## Source material
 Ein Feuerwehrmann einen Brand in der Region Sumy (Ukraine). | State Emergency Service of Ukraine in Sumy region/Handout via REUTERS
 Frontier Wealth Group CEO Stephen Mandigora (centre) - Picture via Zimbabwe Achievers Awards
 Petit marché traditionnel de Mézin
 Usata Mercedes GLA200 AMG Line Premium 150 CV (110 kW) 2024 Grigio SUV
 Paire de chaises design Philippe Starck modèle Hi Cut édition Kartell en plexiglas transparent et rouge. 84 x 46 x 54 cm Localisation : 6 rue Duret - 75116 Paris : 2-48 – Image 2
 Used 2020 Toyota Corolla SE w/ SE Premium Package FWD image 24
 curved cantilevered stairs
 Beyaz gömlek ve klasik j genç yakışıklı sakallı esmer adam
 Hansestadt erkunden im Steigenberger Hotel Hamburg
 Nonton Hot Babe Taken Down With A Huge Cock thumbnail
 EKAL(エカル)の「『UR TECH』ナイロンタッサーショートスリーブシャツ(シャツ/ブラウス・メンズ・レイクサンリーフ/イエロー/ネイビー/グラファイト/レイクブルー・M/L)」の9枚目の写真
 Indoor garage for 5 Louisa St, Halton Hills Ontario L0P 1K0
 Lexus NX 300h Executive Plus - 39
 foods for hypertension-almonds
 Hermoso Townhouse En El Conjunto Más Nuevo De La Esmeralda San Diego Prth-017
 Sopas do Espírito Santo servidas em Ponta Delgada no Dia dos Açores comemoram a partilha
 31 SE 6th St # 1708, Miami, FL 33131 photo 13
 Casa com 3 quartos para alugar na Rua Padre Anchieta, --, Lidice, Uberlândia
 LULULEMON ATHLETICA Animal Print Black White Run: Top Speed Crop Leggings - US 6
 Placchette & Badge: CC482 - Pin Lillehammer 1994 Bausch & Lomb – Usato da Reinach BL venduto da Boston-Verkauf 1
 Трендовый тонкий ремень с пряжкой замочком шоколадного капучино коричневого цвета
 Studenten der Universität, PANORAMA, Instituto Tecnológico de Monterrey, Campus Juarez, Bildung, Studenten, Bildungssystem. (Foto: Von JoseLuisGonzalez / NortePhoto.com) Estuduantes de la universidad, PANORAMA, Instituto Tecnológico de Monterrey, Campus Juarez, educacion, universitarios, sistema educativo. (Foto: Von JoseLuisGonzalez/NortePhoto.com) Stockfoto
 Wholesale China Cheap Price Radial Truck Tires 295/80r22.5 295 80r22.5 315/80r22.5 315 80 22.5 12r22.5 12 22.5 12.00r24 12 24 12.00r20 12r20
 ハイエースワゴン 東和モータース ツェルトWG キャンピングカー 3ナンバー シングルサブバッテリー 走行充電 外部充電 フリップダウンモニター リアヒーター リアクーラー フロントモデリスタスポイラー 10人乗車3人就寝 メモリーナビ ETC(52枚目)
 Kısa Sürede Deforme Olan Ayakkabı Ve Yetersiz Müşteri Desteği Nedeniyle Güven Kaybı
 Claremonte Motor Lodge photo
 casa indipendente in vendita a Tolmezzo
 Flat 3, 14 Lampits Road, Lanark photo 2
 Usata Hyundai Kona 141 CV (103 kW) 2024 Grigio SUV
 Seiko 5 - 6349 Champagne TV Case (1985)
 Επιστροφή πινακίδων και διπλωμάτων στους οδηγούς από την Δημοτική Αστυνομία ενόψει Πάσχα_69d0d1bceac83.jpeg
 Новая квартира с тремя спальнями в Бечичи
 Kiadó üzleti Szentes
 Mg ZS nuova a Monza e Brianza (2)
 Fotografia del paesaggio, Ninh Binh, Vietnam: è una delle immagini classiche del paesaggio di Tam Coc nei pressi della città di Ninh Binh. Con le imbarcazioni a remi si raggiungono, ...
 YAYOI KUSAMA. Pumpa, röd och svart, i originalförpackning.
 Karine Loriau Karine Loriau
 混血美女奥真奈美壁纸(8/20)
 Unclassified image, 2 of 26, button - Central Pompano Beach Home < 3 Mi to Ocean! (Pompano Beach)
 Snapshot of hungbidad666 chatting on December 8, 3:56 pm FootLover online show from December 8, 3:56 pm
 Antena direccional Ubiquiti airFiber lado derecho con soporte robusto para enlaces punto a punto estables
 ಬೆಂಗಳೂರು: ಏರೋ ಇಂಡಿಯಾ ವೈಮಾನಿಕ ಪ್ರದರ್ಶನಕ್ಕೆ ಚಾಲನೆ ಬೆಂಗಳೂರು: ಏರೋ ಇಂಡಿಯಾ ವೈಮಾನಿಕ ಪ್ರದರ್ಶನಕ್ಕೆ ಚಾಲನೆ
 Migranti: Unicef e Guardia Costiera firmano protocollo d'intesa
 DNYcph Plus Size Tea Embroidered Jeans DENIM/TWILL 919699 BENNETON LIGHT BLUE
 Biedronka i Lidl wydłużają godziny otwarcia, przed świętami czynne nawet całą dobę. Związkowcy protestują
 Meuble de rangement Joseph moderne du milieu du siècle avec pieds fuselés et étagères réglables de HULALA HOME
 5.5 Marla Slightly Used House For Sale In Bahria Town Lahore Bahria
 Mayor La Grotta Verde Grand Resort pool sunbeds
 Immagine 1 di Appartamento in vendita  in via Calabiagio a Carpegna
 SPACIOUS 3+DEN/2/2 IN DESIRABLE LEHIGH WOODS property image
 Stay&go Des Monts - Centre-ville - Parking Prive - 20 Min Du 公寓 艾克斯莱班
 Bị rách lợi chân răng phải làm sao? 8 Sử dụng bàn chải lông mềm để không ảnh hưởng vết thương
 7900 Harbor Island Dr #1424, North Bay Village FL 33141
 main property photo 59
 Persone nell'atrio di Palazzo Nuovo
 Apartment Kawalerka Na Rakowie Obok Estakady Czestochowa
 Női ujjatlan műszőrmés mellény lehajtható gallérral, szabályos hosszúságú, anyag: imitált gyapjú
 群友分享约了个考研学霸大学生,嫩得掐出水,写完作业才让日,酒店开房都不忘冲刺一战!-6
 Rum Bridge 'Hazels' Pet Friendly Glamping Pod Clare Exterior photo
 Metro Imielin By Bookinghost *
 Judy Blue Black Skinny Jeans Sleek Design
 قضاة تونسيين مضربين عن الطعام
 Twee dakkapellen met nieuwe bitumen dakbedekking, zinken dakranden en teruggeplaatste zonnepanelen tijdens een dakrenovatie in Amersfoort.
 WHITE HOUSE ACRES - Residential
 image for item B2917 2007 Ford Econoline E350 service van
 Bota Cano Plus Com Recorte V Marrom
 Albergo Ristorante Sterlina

## The task
Each entry above needs to be duplicated verbatim.

## Written response
 Ein Feuerwehrmann einen Brand in der Region Sumy (Ukraine). | State Emergency Service of Ukraine in Sumy region/Handout via REUTERS
 Frontier Wealth Group CEO Stephen Mandigora (centre) - Picture via Zimbabwe Achievers Awards
 Petit marché traditionnel de Mézin
 Usata Mercedes GLA200 AMG Line Premium 150 CV (110 kW) 2024 Grigio SUV
 Paire de chaises design Philippe Starck modèle Hi Cut édition Kartell en plexiglas transparent et rouge. 84 x 46 x 54 cm Localisation : 6 rue Duret - 75116 Paris : 2-48 – Image 2
 Used 2020 Toyota Corolla SE w/ SE Premium Package FWD image 24
 curved cantilevered stairs
 Beyaz gömlek ve klasik j genç yakışıklı sakallı esmer adam
 Hansestadt erkunden im Steigenberger Hotel Hamburg
 Nonton Hot Babe Taken Down With A Huge Cock thumbnail
 EKAL(エカル)の「『UR TECH』ナイロンタッサーショートスリーブシャツ(シャツ/ブラウス・メンズ・レイクサンリーフ/イエロー/ネイビー/グラファイト/レイクブルー・M/L)」の9枚目の写真
 Indoor garage for 5 Louisa St, Halton Hills Ontario L0P 1K0
 Lexus NX 300h Executive Plus - 39
 foods for hypertension-almonds
 Hermoso Townhouse En El Conjunto Más Nuevo De La Esmeralda San Diego Prth-017
 Sopas do Espírito Santo servidas em Ponta Delgada no Dia dos Açores comemoram a partilha
 31 SE 6th St # 1708, Miami, FL 33131 photo 13
 Casa com 3 quartos para alugar na Rua Padre Anchieta, --, Lidice, Uberlândia
 LULULEMON ATHLETICA Animal Print Black White Run: Top Speed Crop Leggings - US 6
 Placchette & Badge: CC482 - Pin Lillehammer 1994 Bausch & Lomb – Usato da Reinach BL venduto da Boston-Verkauf 1
 Трендовый тонкий ремень с пряжкой замочком шоколадного капучино коричневого цвета
 Studenten der Universität, PANORAMA, Instituto Tecnológico de Monterrey, Campus Juarez, Bildung, Studenten, Bildungssystem. (Foto: Von JoseLuisGonzalez / NortePhoto.com) Estuduantes de la universidad, PANORAMA, Instituto Tecnológico de Monterrey, Campus Juarez, educacion, universitarios, sistema educativo. (Foto: Von JoseLuisGonzalez/NortePhoto.com) Stockfoto
 Wholesale China Cheap Price Radial Truck Tires 295/80r22.5 295 80r22.5 315/80r22.5 315 80 22.5 12r22.5 12 22.5 12.00r24 12 24 12.00r20 12r20
 ハイエースワゴン 東和モータース ツェルトWG キャンピングカー 3ナンバー シングルサブバッテリー 走行充電 外部充電 フリップダウンモニター リアヒーター リアクーラー フロントモデリスタスポイラー 10人乗車3人就寝 メモリーナビ ETC(52枚目)
 Kısa Sürede Deforme Olan Ayakkabı Ve Yetersiz Müşteri Desteği Nedeniyle Güven Kaybı
 Claremonte Motor Lodge photo
 casa indipendente in vendita a Tolmezzo
 Flat 3, 14 Lampits Road, Lanark photo 2
 Usata Hyundai Kona 141 CV (103 kW) 2024 Grigio SUV
 Seiko 5 - 6349 Champagne TV Case (1985)
 Επιστροφή πινακίδων και διπλωμάτων στους οδηγούς από την Δημοτική Αστυνομία ενόψει Πάσχα_69d0d1bceac83.jpeg
 Новая квартира с тремя спальнями в Бечичи
 Kiadó üzleti Szentes
 Mg ZS nuova a Monza e Brianza (2)
 Fotografia del paesaggio, Ninh Binh, Vietnam: è una delle immagini classiche del paesaggio di Tam Coc nei pressi della città di Ninh Binh. Con le imbarcazioni a remi si raggiungono, ...
 YAYOI KUSAMA. Pumpa, röd och svart, i originalförpackning.
 Karine Loriau Karine Loriau
 混血美女奥真奈美壁纸(8/20)
 Unclassified image, 2 of 26, button - Central Pompano Beach Home < 3 Mi to Ocean! (Pompano Beach)
 Snapshot of hungbidad666 chatting on December 8, 3:56 pm FootLover online show from December 8, 3:56 pm
 Antena direccional Ubiquiti airFiber lado derecho con soporte robusto para enlaces punto a punto estables
 ಬೆಂಗಳೂರು: ಏರೋ ಇಂಡಿಯಾ ವೈಮಾನಿಕ ಪ್ರದರ್ಶನಕ್ಕೆ ಚಾಲನೆ ಬೆಂಗಳೂರು: ಏರೋ ಇಂಡಿಯಾ ವೈಮಾನಿಕ ಪ್ರದರ್ಶನಕ್ಕೆ ಚಾಲನೆ
 Migranti: Unicef e Guardia Costiera firmano protocollo d'intesa
 DNYcph Plus Size Tea Embroidered Jeans DENIM/TWILL 919699 BENNETON LIGHT BLUE
 Biedronka i Lidl wydłużają godziny otwarcia, przed świętami czynne nawet całą dobę. Związkowcy protestują
 Meuble de rangement Joseph moderne du milieu du siècle avec pieds fuselés et étagères réglables de HULALA HOME
 5.5 Marla Slightly Used House For Sale In Bahria Town Lahore Bahria
 Mayor La Grotta Verde Grand Resort pool sunbeds
 Immagine 1 di Appartamento in vendita  in via Calabiagio a Carpegna
 SPACIOUS 3+DEN/2/2 IN DESIRABLE LEHIGH WOODS property image
 Stay&go Des Monts - Centre-ville - Parking Prive - 20 Min Du 公寓 艾克斯莱班
 Bị rách lợi chân răng phải làm sao? 8 Sử dụng bàn chải lông mềm để không ảnh hưởng vết thương
 7900 Harbor Island Dr #1424, North Bay Village FL 33141
 main property photo 59
 Persone nell'atrio di Palazzo Nuovo
 Apartment Kawalerka Na Rakowie Obok Estakady Czestochowa
 Női ujjatlan műszőrmés mellény lehajtható gallérral, szabályos hosszúságú, anyag: imitált gyapjú
 群友分享约了个考研学霸大学生,嫩得掐出水,写完作业才让日,酒店开房都不忘冲刺一战!-6
 Rum Bridge 'Hazels' Pet Friendly Glamping Pod Clare Exterior photo
 Metro Imielin By Bookinghost *
 Judy Blue Black Skinny Jeans Sleek Design
 قضاة تونسيين مضربين عن الطعام
 Twee dakkapellen met nieuwe bitumen dakbedekking, zinken dakranden en teruggeplaatste zonnepanelen tijdens een dakrenovatie in Amersfoort.
 WHITE HOUSE ACRES - Residential
 image for item B2917 2007 Ford Econoline E350 service van
 Bota Cano Plus Com Recorte V Marrom
 Albergo Ristorante Sterlina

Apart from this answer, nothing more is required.